Content starts

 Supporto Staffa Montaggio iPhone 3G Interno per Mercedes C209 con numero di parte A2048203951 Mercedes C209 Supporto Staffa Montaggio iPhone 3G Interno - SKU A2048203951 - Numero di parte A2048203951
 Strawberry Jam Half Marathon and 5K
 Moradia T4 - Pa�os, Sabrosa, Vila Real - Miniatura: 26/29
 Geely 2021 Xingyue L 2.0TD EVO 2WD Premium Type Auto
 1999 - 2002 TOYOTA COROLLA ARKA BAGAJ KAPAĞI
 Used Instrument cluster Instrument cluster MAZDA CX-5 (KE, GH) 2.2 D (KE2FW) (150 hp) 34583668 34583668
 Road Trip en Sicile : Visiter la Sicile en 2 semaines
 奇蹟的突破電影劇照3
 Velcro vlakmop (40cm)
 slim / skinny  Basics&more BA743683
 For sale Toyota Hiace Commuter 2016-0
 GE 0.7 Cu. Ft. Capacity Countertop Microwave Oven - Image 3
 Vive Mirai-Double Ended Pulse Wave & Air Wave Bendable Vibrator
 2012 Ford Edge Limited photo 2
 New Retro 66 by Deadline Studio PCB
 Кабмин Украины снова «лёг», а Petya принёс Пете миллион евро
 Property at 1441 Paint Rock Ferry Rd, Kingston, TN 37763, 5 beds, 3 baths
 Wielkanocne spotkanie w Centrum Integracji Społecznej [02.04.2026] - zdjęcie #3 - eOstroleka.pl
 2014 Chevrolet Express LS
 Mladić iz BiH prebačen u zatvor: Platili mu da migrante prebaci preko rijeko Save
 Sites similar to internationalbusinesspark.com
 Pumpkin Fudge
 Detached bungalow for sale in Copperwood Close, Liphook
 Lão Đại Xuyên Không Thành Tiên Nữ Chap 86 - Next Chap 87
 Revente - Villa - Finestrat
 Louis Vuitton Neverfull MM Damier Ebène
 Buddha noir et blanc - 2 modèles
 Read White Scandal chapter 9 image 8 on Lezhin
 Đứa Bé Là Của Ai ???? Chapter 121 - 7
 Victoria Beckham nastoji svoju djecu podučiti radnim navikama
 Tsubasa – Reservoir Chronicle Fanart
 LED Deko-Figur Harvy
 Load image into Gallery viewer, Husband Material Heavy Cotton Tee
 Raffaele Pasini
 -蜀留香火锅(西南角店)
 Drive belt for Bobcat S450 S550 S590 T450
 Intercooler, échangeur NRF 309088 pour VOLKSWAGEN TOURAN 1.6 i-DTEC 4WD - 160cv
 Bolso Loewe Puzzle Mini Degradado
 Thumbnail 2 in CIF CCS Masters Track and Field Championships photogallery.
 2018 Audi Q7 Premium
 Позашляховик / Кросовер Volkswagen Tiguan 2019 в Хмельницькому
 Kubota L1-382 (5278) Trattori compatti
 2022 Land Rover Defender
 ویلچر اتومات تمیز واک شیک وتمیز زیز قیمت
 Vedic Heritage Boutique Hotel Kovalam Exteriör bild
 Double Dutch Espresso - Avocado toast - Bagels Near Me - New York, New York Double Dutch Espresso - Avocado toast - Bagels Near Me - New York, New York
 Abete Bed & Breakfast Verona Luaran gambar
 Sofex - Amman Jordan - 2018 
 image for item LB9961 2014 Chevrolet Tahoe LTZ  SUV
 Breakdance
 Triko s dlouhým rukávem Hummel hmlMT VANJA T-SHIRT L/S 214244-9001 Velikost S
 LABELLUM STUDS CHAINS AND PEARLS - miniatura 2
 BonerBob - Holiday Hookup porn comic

Content ends

### EXERCISE DETAILS:
Beginning at the opening line of the data, transcribe each line exactly until you reach the line with "LED Deko-Figur Harvy", which you also include, and go no further.

### RESPONSE BELOW:
 Supporto Staffa Montaggio iPhone 3G Interno per Mercedes C209 con numero di parte A2048203951 Mercedes C209 Supporto Staffa Montaggio iPhone 3G Interno - SKU A2048203951 - Numero di parte A2048203951
 Strawberry Jam Half Marathon and 5K
 Moradia T4 - Pa�os, Sabrosa, Vila Real - Miniatura: 26/29
 Geely 2021 Xingyue L 2.0TD EVO 2WD Premium Type Auto
 1999 - 2002 TOYOTA COROLLA ARKA BAGAJ KAPAĞI
 Used Instrument cluster Instrument cluster MAZDA CX-5 (KE, GH) 2.2 D (KE2FW) (150 hp) 34583668 34583668
 Road Trip en Sicile : Visiter la Sicile en 2 semaines
 奇蹟的突破電影劇照3
 Velcro vlakmop (40cm)
 slim / skinny  Basics&more BA743683
 For sale Toyota Hiace Commuter 2016-0
 GE 0.7 Cu. Ft. Capacity Countertop Microwave Oven - Image 3
 Vive Mirai-Double Ended Pulse Wave & Air Wave Bendable Vibrator
 2012 Ford Edge Limited photo 2
 New Retro 66 by Deadline Studio PCB
 Кабмин Украины снова «лёг», а Petya принёс Пете миллион евро
 Property at 1441 Paint Rock Ferry Rd, Kingston, TN 37763, 5 beds, 3 baths
 Wielkanocne spotkanie w Centrum Integracji Społecznej [02.04.2026] - zdjęcie #3 - eOstroleka.pl
 2014 Chevrolet Express LS
 Mladić iz BiH prebačen u zatvor: Platili mu da migrante prebaci preko rijeko Save
 Sites similar to internationalbusinesspark.com
 Pumpkin Fudge
 Detached bungalow for sale in Copperwood Close, Liphook
 Lão Đại Xuyên Không Thành Tiên Nữ Chap 86 - Next Chap 87
 Revente - Villa - Finestrat
 Louis Vuitton Neverfull MM Damier Ebène
 Buddha noir et blanc - 2 modèles
 Read White Scandal chapter 9 image 8 on Lezhin
 Đứa Bé Là Của Ai ???? Chapter 121 - 7
 Victoria Beckham nastoji svoju djecu podučiti radnim navikama
 Tsubasa – Reservoir Chronicle Fanart
 LED Deko-Figur Harvy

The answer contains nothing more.